Sun Dec 29, 2013 12:49AM
South Sudanese army soldiers patrol in Bor, the capital of Jonglei state, on December 25, 2013.
South Sudanese army soldiers patrol in Bor, the capital of Jonglei state, on December 25, 2013.

Thousands of young men loyal to South Sudanese rebel leader Riek Machar are marching on the strategic town of Bor, raising fears that fighting between rival army factions will push the country into civil war.

About 25,000 youths from Machar’s tribe are marching on Bor, Information Minister Michael Makuei Lueth said on Saturday.

"He has decided to mobilize the youth in the name of his tribe," Lueth said.

The South Sudanese army is currently in control of Bor, the capital of Jonglei state the army had captured from the rebels.

On Friday, the government agreed to a ceasefire with the rebels and promised to release eight of 11 high-ranking politicians captured over an alleged coup plot.

"We have agreed in principle to a ceasefire to begin immediately, but our forces are prepared to defend themselves if attacked," the government said.

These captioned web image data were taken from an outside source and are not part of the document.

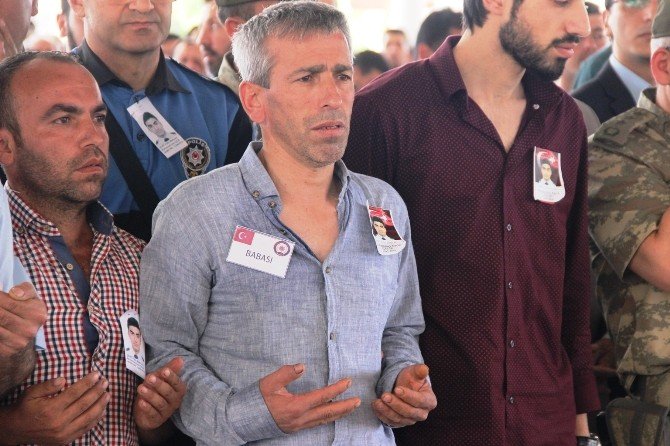Şehit Polis Memuru Gaziantep’te Toprağa Verildi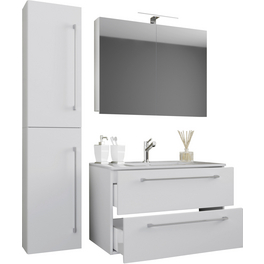 VCM Badmöbel-Set »Badinos«, 4-teilig, mit Spiegelschrank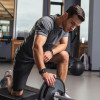 Tech-Protect Silikonarmband für Garmin Fenix 5S / 5S Plus / 6S / 6S Pro / 7S / 8 (43 mm), Military Green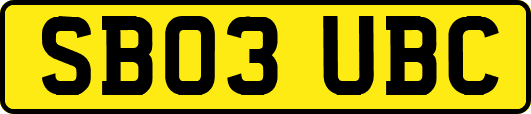SB03UBC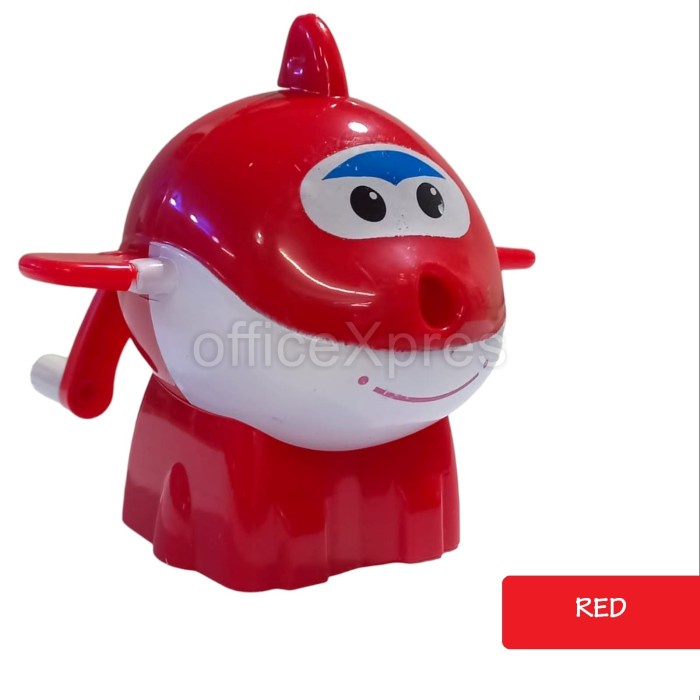 

Serutan Pensil / Rautan Meja Putar Aeroplane / Sharpener 818 Combo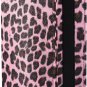 Checkbook Cover for Personal Checkbooks, Leapard Checkbook Holder with Built-In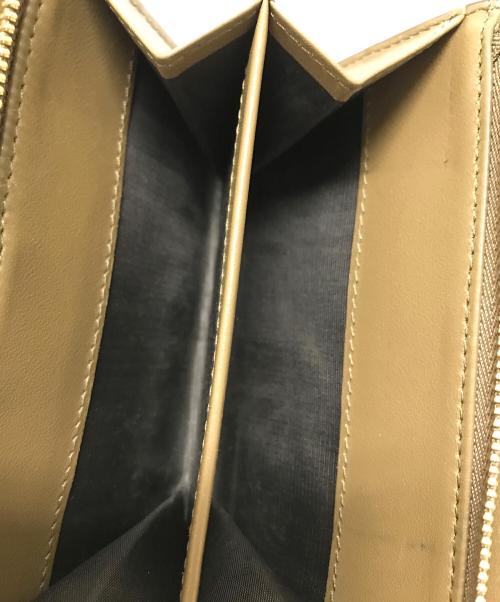 FURLA（フルラ）FURLA (フルラ) RITZY コンパクトウォレット ベージュ サイズ:下記参照の古着・服飾アイテム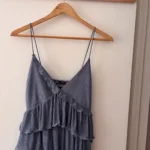 Thumbnail for Zara fringed dress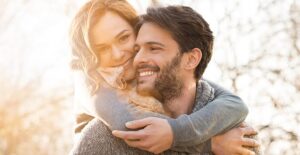 A couple with tons of serotonin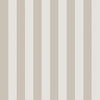 Cole & Son Regatta Stripe Stone/Parchment Wallpaper
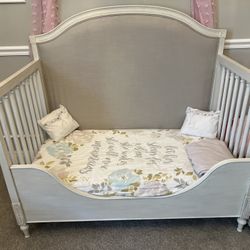 Baby crib - Convertible To Bed. Restoration Hardware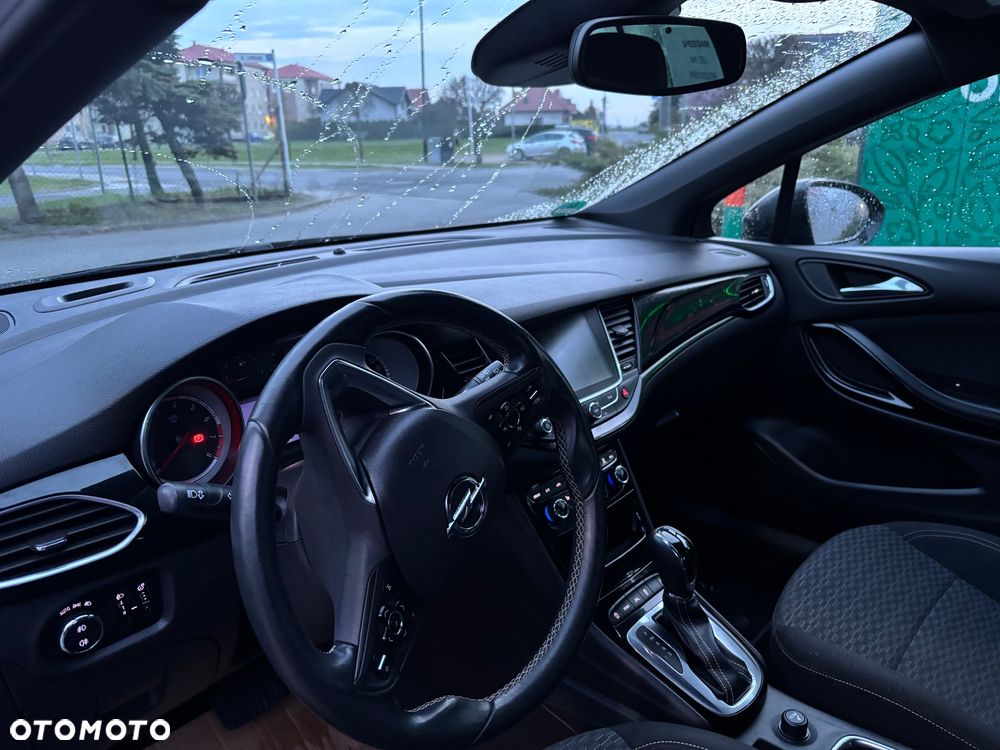 Opel Astra 1.4 Turbo Start/Stop Automatik Dynamic - 12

The political crisis in South Sudan began two weeks ago after President Salva Kiir accused Machar of attempting the coup. Reports say thousands of people have been killed in the violence since then.

The fighting between troops loyal to Kiir, who is from the Dinka ethnic group, and opposition leader Machar, a Nuer, erupted around Juba on December 15.

The South Sudanese president accused his archrival Machar of attempting to topple his government, but he said the coup attempt had been foiled.

The government’s promise to release the eight political figures arrested in the aftermath of the fighting suggests Kiir may have agreed to end hostilities against rebels accused of trying to overthrow his government.

However, Machar rejected the ceasefire offer, saying that any truce should be negotiated by delegations from both sides.

South Sudan gained independence in July 2011 after its people overwhelmingly voted in a referendum for a split from the North.

The government in Juba is grappling with rampant corruption, unrest and conflict in the deeply impoverished but oil-rich nation, left devastated by decades of war.